Caregiving for a loved one can feel like a second job. Coordinating all the different types of help provided by professional and other family members can be difficult and frustrating.
Caregivers can feel overwhelmed, especially if they are also dealing with the demands of work, family, and other areas of their lives.
New study shows positive effects of telephone-based coaching program on caregiver strain
According to research from the Benjamin Rose Institute on Aging (BRIA), published in a recent issue of the Journal of the American Geriatrics Society, a low-cost, telephone-based coaching program can go a long way toward relieving the strains of caregiving.
Partners in Dementia Care, a coaching model driven by consumer choice, was developed by BRIA with the Department of Veterans Affairs and Alzheimer’s Association chapters in Alabama, Texas, Massachusetts, and Oklahoma.
The intervention is an adaptation of BRI Care Consultation, an evidence-based program developed for individuals with chronic conditions and their caregivers.
Individuals who participated in the study provided care for veterans aged 50 years and older, with at least one dementia diagnosis.
After six months of participating in the program, caregivers showed a 45.7% decrease in unmet needs. They also saw a 25% decrease in “role captivity,” that is the feeling of being trapped by the caregiver role. Depression scores increased for both intervention and comparison groups after six months, though the increase for intervention group caregivers was significantly less (6.8% compared to 28.2%).
Caregivers who participated in Partners in Dementia Care were more likely to use support services, showing a 61.3% increase after six month. They also increased their number of informal helpers by 35%.
“The demands of caregiving can be overwhelming,” noted the study’s principal investigator David Bass, PhD, Vice President of Research at the Benjamin Rose Institute on Aging. “The positive experiences of caregivers in our study illustrate the value of guidance, coaching, and information about how to deal with challenges of caregiving. You don’t have to do it alone.”Partners in Dementia Care is a low-cost service delivered by telephone, mail, and email. There are three main components: an initial assessment, development of an action plan, and on-going monitoring and reassessment.
Care coordinators work with veterans and their caregivers to help find solutions to concerns that are a priority to both. Many of the action steps personalized for veterans in the program related to coordination of VA services and benefits or services from other agencies.

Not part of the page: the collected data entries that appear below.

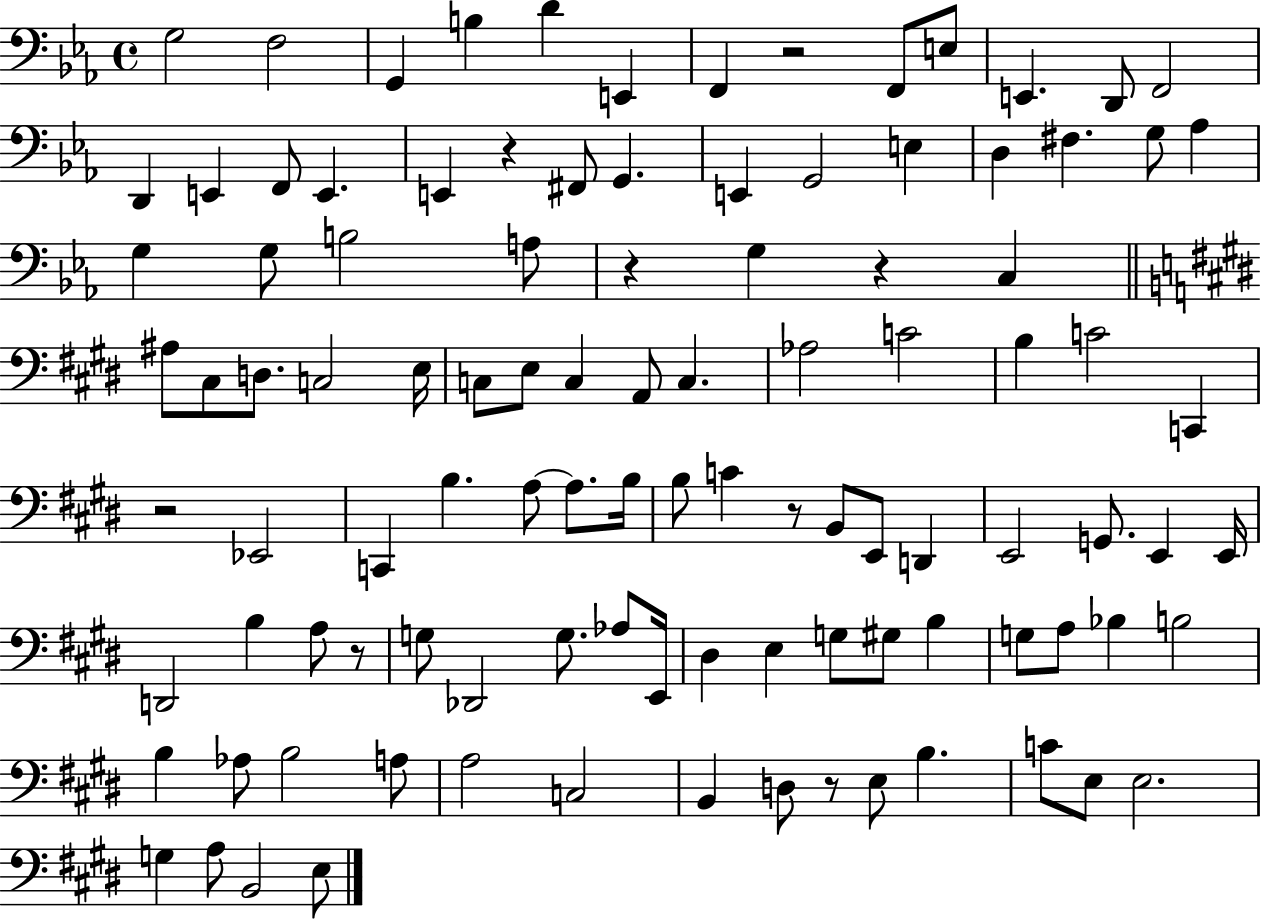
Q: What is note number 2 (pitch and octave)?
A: F3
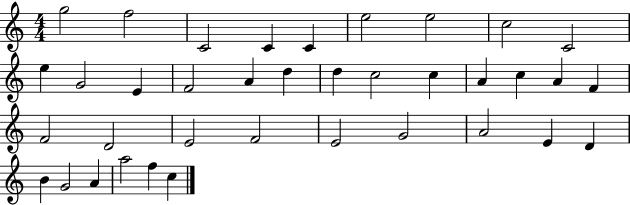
X:1
T:Untitled
M:4/4
L:1/4
K:C
g2 f2 C2 C C e2 e2 c2 C2 e G2 E F2 A d d c2 c A c A F F2 D2 E2 F2 E2 G2 A2 E D B G2 A a2 f c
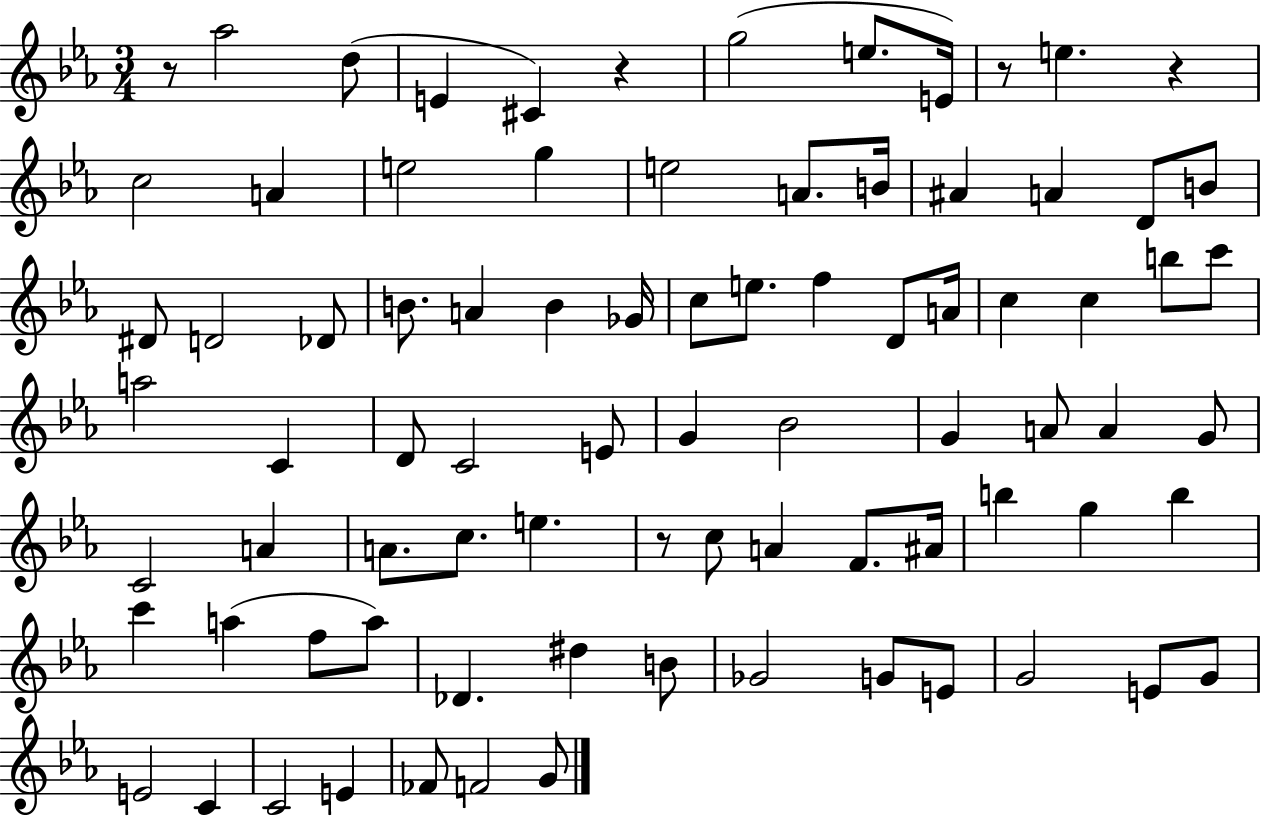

Previous research by Benjamin Rose Institute on Aging showed positive outcomes for older adults in the BRI Care Consultation intervention on which Partners in Dementia Care is based. The program was shown to decrease unnecessary visits to the emergency room or hospital. Caregivers and individuals with chronic conditions felt less depressed, anxious and isolated. They also felt better equipped to get the services they wanted. The program coaches caregivers on how to best communicate with doctors and other professionals, which increased their satisfaction with health care providers.
The Benjamin Rose Institute on Aging(www.benrose.org) is a national leader pursuing innovation in practice and policy to address the important issues of aging.